Her comments followed Prime Minister Yousuf Raza Gilani’s reported statement that the cabinet had only given its approval in principle to moved forward on the issue of MFN status.

India granted the MFN status to Pakistan in 1996 but Islamabad did not reciprocate — until Pakistan Information Minister Firdous Awan made the announcement four days ago.

Asked about the Kashmir dispute, the foreign minister said Pakistan desired result-oriented dialogue with India. The country had achieved much more than expected during the dialogue process.

She said that stability in the region was of primary importance to Pakistan as its role was proactive in building relations with neighbouring countries.

Khar said: “Promoting relations and enhancing economic as well as political ties with countries like Turkey, Afghanistan and India are the cornerstone of country’s foreign policy.”
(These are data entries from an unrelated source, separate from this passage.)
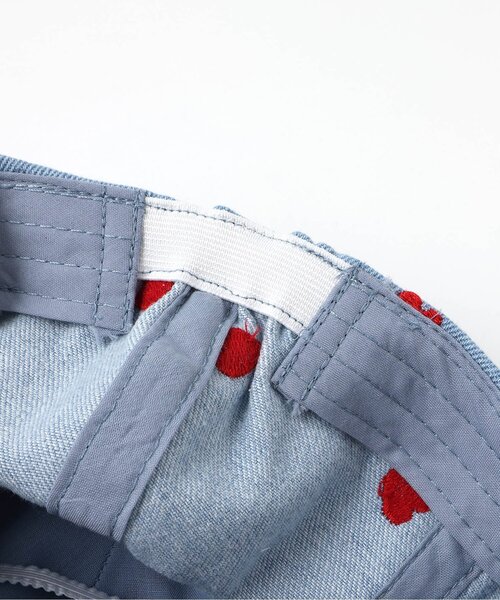 BREEZE（ブリーズ）の「Bpop 刺繍ベビーキャップ（キャップ・キッズ・ピンク/グリーン/イエロー/インディゴブルー/アイボリー・48/46）」の15枚目の写真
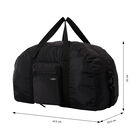 Bolsa plegable Branel - Negro image number 3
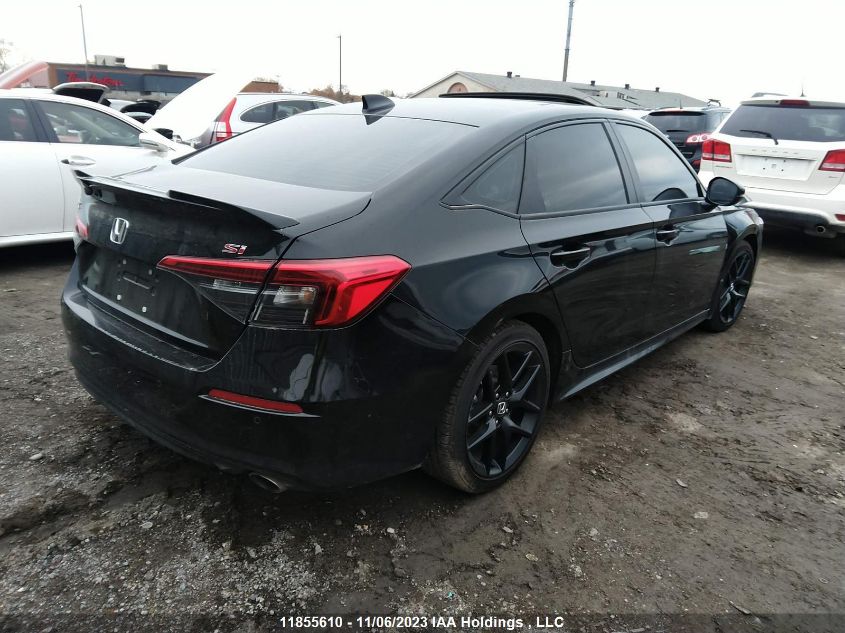 2024 Honda Civic Si Sedan VIN: 2HGFE1E5XRH080083 Lot: 11855610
Calling the country’s membership of the UN Security Council (UNSC) an achievement, she said it had dispelled the impression that Pakistan was isolated internationally.

Pakistan’s proactive role in the sixth summit dialogue in Turkey as well as the trilateral dialogue in Afghanistan was another proof of Pakistan’s desire to promote regional peace, said Khar.

Meanwhile, The News International Sunday hailed the grant of MFN status to India, saying it “can lead to a peace dividend”.

“A workable and acceptable deal to openly trade with India has been precluded by concerns about the consequences that normalising trade relations with India could have on Pakistan’s security.”

It said that an addition in this saga of “misplaced insecurity relates to the granting of MFN status to India”.

Referring to seemingly contradictory statements from Gilani and Firdous, the paper said there was “no doubt that incoherent, contradictory signalling and statements from different quarters have created avoidable confusion”.

It went on to say that granting MFN status to India would strengthen Islamabad’s case for the “removal of non-tariff barriers, a major source of the current inequity in bilateral trade between the two countries, which mostly accrues to Pakistan’s disadvantage”.

It said MFN status would reduce informal trade between Pakistan and India and generate more revenue and create incentives for Islamabad to improve the quality of its products to compete with Indian imports.

Trade between India and Pakistan, currently at around $2.5 billion, is expected to double over the next three years with the MFN status to India.

“The normalisation of economic relationships can lead to a peace dividend,” the paper added.